> EXERCISE DESCRIPTION: Of the records that follow, copy only the lines from the line containing "Модельные тесты МА" to the line containing "691 Fleet Avenue", both included, exactly as written.

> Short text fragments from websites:
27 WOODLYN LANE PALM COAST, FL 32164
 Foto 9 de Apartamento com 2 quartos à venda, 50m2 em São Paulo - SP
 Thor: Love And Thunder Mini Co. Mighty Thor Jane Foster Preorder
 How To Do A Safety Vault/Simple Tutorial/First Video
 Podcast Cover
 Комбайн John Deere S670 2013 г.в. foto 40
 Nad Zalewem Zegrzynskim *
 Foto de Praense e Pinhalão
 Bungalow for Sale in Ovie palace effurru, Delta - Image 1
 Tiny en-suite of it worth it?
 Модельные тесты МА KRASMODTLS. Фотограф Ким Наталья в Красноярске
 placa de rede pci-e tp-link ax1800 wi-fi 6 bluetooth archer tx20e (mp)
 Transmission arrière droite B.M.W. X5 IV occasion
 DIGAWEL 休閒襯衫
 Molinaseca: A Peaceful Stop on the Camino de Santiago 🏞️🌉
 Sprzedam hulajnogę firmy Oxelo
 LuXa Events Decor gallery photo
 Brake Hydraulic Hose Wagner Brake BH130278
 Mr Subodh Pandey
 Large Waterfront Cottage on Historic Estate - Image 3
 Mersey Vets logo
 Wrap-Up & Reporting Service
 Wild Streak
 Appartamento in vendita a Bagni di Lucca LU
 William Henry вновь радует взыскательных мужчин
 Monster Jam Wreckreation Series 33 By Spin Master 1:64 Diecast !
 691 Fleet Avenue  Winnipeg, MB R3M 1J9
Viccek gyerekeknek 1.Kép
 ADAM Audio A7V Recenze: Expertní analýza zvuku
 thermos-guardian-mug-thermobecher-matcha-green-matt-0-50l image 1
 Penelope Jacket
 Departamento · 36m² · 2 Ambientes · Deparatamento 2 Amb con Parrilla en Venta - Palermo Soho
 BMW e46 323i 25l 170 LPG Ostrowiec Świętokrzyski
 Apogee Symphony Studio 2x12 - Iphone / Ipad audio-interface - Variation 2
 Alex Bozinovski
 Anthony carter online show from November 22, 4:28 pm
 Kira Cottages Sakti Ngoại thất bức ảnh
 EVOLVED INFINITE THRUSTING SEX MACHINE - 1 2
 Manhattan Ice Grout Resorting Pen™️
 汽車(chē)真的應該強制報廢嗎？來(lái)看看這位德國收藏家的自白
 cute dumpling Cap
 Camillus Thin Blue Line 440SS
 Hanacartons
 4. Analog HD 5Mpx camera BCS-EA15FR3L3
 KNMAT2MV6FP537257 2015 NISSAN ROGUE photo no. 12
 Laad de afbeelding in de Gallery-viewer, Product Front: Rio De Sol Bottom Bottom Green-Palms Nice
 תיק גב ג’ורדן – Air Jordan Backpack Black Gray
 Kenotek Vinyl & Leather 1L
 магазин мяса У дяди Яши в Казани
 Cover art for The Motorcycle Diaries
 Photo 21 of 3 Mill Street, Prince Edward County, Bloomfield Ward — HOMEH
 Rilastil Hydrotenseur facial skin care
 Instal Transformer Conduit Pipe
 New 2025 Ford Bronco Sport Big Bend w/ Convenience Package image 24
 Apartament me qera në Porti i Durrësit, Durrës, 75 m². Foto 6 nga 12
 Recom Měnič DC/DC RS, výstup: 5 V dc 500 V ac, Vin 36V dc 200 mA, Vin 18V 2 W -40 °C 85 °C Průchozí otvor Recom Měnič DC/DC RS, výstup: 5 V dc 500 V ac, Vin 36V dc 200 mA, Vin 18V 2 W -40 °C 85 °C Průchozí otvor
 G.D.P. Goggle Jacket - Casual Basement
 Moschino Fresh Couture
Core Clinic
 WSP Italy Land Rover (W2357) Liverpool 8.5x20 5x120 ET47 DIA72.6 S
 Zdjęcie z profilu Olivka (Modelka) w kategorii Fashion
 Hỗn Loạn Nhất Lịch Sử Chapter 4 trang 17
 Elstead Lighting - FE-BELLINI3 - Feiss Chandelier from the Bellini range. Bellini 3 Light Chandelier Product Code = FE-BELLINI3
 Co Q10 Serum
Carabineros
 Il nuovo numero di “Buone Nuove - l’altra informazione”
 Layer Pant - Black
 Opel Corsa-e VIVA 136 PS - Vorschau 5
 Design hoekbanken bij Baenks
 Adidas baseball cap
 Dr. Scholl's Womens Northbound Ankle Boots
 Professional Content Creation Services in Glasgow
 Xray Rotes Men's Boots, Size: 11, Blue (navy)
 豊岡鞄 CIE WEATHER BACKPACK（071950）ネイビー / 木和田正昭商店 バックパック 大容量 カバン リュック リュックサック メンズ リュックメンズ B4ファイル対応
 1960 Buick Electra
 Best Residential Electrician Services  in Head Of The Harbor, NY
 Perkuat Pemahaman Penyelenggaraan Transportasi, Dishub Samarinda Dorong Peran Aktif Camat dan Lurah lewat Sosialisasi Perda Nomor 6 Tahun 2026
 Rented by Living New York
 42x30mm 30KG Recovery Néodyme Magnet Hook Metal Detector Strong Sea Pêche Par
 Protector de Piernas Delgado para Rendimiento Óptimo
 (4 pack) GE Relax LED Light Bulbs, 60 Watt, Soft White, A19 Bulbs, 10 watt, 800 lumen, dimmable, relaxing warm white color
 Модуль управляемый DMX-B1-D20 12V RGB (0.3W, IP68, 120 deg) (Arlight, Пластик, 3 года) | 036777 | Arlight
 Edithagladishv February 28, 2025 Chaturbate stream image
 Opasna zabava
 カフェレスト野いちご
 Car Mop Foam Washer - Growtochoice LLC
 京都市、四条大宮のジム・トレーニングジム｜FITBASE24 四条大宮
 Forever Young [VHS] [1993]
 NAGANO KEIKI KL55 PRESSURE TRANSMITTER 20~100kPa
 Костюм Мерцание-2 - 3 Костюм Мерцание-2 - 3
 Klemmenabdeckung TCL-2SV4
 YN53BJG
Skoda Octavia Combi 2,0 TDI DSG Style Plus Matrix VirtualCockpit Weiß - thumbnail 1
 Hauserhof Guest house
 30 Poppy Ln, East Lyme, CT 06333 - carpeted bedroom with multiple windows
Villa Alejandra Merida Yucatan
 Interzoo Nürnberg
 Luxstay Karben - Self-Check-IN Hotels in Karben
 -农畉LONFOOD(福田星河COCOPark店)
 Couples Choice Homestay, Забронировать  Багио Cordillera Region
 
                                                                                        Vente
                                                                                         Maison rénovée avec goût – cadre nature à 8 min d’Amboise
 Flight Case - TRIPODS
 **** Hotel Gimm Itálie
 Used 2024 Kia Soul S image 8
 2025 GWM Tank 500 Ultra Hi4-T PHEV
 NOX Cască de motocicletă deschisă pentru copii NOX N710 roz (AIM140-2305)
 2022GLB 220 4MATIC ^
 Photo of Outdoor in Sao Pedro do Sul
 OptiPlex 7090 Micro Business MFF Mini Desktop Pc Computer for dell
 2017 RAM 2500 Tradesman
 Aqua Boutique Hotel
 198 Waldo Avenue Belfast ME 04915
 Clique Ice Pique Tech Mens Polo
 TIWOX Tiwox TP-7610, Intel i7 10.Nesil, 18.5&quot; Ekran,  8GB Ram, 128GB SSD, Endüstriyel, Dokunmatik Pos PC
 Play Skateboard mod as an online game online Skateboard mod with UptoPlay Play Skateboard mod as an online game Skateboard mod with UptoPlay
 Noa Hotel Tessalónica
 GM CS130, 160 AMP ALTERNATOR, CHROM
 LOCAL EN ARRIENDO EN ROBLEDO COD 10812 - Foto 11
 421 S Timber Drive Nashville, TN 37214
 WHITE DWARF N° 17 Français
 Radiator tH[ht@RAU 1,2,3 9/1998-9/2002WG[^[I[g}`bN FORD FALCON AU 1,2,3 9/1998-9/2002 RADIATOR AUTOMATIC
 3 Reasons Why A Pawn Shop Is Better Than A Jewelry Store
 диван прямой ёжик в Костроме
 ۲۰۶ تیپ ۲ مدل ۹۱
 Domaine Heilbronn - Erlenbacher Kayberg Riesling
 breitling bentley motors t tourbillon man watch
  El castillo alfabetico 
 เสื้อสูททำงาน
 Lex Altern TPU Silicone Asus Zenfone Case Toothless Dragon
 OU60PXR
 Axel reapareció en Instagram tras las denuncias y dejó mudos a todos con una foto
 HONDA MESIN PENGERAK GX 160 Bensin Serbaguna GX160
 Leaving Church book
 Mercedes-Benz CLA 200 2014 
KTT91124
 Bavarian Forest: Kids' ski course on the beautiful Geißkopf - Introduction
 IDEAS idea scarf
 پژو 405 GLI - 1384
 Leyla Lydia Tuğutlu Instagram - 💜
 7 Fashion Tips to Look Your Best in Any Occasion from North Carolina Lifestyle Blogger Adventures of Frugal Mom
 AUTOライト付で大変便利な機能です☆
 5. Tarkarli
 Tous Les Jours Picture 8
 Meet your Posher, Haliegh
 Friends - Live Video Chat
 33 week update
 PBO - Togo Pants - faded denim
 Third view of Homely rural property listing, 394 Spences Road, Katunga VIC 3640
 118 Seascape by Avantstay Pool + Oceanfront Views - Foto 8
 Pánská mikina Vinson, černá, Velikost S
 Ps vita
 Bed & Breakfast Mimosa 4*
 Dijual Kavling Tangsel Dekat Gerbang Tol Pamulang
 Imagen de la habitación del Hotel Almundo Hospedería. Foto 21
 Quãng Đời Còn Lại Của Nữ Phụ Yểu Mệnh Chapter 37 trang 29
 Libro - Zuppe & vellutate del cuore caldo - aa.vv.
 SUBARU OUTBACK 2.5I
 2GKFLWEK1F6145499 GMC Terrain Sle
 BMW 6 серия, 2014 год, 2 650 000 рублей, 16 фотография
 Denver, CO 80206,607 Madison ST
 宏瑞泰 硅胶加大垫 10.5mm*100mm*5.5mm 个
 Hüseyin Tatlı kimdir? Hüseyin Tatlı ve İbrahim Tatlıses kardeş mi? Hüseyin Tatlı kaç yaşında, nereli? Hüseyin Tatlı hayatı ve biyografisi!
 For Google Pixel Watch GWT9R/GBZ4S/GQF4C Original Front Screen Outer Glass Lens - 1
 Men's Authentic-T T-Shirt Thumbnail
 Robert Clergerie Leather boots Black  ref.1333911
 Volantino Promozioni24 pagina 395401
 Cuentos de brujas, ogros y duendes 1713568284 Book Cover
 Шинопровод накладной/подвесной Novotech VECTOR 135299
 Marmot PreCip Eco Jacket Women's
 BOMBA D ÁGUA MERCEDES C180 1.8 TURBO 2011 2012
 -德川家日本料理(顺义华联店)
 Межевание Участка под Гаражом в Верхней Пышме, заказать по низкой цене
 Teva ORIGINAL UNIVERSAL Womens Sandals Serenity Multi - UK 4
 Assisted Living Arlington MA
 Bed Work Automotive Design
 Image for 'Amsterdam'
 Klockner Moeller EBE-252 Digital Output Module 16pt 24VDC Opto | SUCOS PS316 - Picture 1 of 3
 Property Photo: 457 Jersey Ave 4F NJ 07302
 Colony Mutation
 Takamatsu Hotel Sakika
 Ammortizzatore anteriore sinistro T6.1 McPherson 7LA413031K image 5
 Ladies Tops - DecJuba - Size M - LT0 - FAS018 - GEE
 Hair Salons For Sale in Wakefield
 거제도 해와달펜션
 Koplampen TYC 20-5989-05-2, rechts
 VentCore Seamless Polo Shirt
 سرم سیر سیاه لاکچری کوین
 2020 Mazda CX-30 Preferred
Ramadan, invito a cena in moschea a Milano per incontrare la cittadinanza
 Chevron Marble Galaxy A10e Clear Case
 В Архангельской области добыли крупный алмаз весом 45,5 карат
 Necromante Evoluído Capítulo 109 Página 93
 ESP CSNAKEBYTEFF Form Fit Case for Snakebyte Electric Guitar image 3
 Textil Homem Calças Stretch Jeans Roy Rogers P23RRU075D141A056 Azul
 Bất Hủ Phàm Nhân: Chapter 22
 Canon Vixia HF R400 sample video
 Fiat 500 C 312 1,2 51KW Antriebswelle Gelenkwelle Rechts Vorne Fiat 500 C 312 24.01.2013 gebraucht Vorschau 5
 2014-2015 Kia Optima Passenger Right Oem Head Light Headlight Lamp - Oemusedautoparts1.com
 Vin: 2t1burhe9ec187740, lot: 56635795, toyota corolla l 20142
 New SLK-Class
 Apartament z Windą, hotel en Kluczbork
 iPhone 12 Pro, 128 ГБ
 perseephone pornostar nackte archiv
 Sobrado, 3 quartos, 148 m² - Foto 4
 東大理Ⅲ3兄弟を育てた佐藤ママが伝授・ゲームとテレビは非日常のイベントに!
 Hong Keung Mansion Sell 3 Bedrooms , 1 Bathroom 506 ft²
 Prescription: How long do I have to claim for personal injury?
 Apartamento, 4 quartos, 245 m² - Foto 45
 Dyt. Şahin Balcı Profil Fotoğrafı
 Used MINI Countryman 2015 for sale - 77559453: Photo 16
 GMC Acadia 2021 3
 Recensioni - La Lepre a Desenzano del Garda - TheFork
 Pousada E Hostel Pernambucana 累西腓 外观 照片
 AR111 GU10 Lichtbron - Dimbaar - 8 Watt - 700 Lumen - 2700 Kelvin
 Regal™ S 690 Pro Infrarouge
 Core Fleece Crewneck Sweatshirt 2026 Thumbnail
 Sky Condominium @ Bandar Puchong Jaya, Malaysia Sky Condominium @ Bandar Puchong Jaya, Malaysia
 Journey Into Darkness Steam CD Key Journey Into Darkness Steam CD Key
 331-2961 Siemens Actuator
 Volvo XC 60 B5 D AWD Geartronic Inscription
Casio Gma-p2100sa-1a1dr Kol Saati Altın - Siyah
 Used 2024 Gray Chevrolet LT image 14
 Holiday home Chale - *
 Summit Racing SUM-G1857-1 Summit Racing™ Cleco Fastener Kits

> PROBLEM SOLUTION:
 Модельные тесты МА KRASMODTLS. Фотограф Ким Наталья в Красноярске
 placa de rede pci-e tp-link ax1800 wi-fi 6 bluetooth archer tx20e (mp)
 Transmission arrière droite B.M.W. X5 IV occasion
 DIGAWEL 休閒襯衫
 Molinaseca: A Peaceful Stop on the Camino de Santiago 🏞️🌉
 Sprzedam hulajnogę firmy Oxelo
 LuXa Events Decor gallery photo
 Brake Hydraulic Hose Wagner Brake BH130278
 Mr Subodh Pandey
 Large Waterfront Cottage on Historic Estate - Image 3
 Mersey Vets logo
 Wrap-Up & Reporting Service
 Wild Streak
 Appartamento in vendita a Bagni di Lucca LU
 William Henry вновь радует взыскательных мужчин
 Monster Jam Wreckreation Series 33 By Spin Master 1:64 Diecast !
 691 Fleet Avenue  Winnipeg, MB R3M 1J9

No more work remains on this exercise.